Y sin embargo no es así. Hay viejos insensibles al Berlín multicultural de hoy que se engolosinan con nombres y anécdotas de esos twenties que no conocieron pero que la industria de la nostalgia celebra y mantiene en vida como impalpables, redituables fantasmas. Y entrados los años 1960 romanos, cuando los habitués originales de Via Veneto ya habían emigrado desde que La dolce vita hizo pública su disipación elegante, Ennio Flaiano y Federico Fellini pasaron una noche por Piazza del Popolo y al ver las mesas del Rosatti llenas de turistas convencidos de participar en una vida que ellos mismos habían clausurado, el escritor lanzó su frase memorable: “Pobres infelices… se creen que son nosotros”.

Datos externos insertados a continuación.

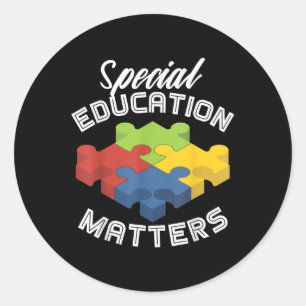 Sticker Rond Éducation Spéciale S Sensibilisation sur l'autisme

Me sorprende descubrir algo parecido con respecto a Nueva York, ciudad que fascina a quien la descubre con la energía y el paladar no estragado de la juventud, pero no cumple sus promesas cuando los años desgastan aquella avidez e inexperiencia. Y son los escritores, más proclives que otros mortales a lamentar el tiempo perdido, quienes han repetido cíclicamente su desencanto.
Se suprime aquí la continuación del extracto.